REQUIREMENT: Copy out the records in full, word for word, without pictures.

[Data items]
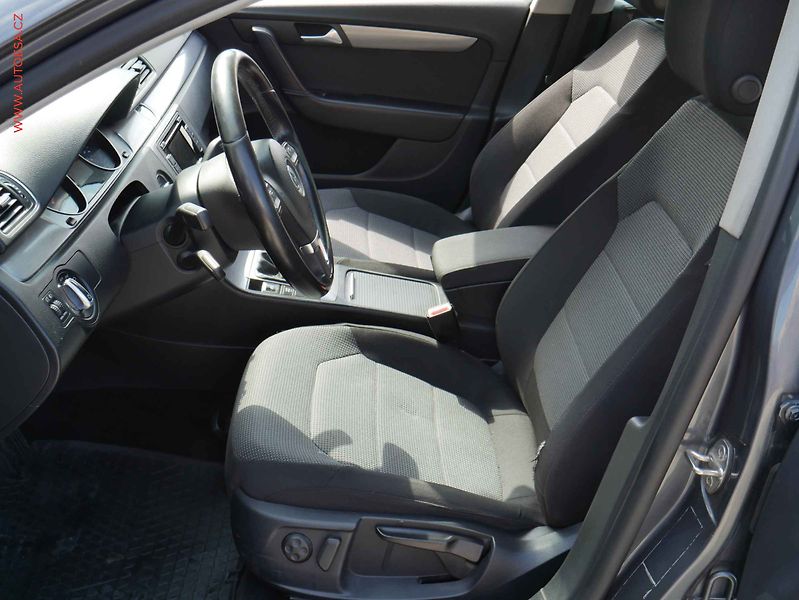 Volkswagen Passat (2013) 1.6TDi, Comfortline - fotka 9 z 22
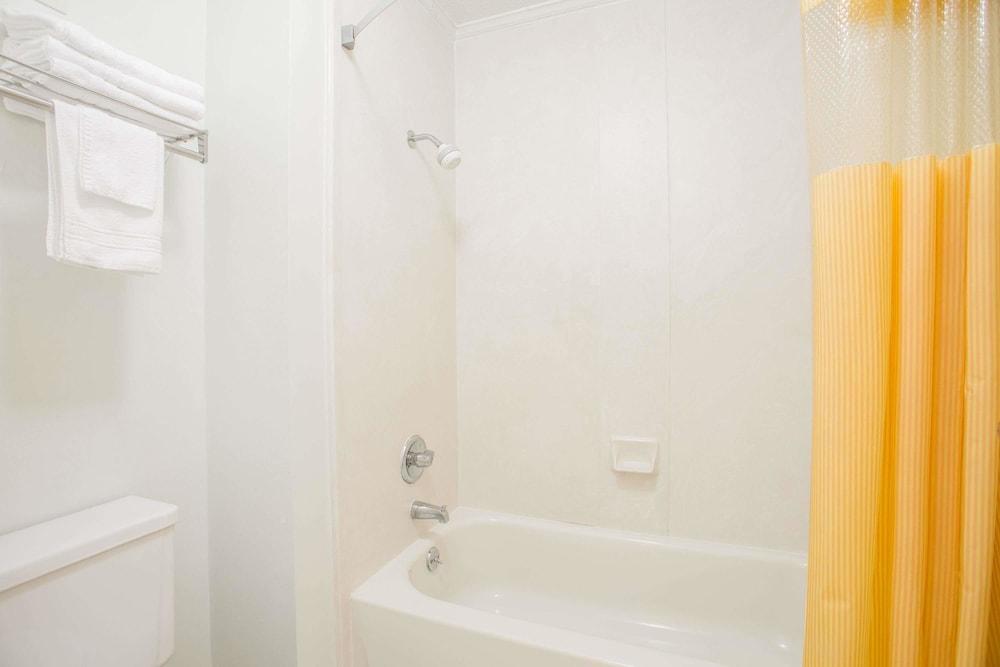 Days Inn by Wyndham Milledgeville photo 12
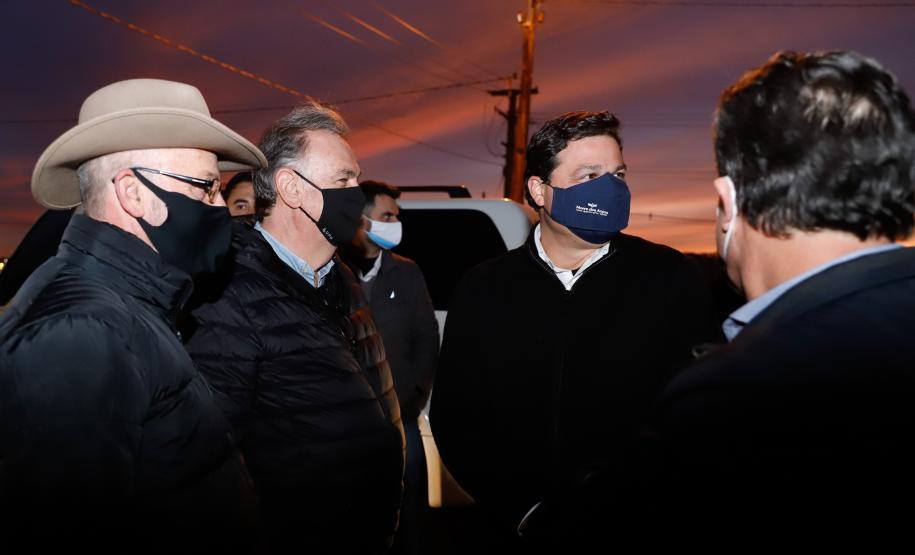 O secretário de Infraestrutura e Logística, Sandro Alex, inspeciona as obras do Trevo Gauchão e duplicação da PR-323, em Umuarama - Umuarama, 19/07/2021 - Foto: Rodrigo Félix Leal/Infraestrutura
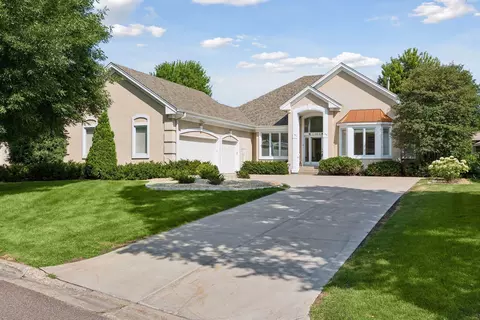 11464 Telluride Trl, Hopkins, MN 55305
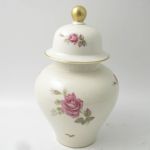 583 1706 VASE AND COVER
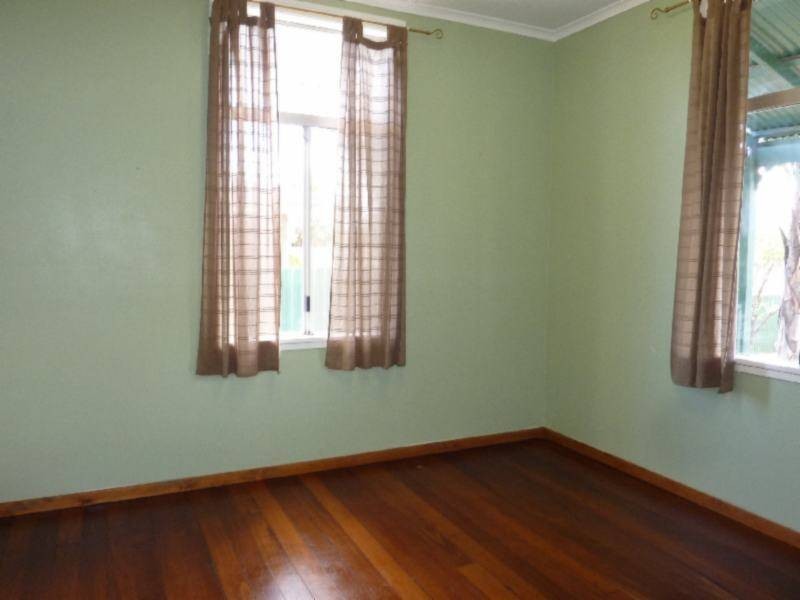 8 Watts Close, Boulder WA 6432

RESULT OF THE EXERCISE:
 Volkswagen Passat (2013) 1.6TDi, Comfortline - fotka 9 z 22
 Days Inn by Wyndham Milledgeville photo 12
 O secretário de Infraestrutura e Logística, Sandro Alex, inspeciona as obras do Trevo Gauchão e duplicação da PR-323, em Umuarama - Umuarama, 19/07/2021 - Foto: Rodrigo Félix Leal/Infraestrutura
 11464 Telluride Trl, Hopkins, MN 55305
 583 1706 VASE AND COVER
 8 Watts Close, Boulder WA 6432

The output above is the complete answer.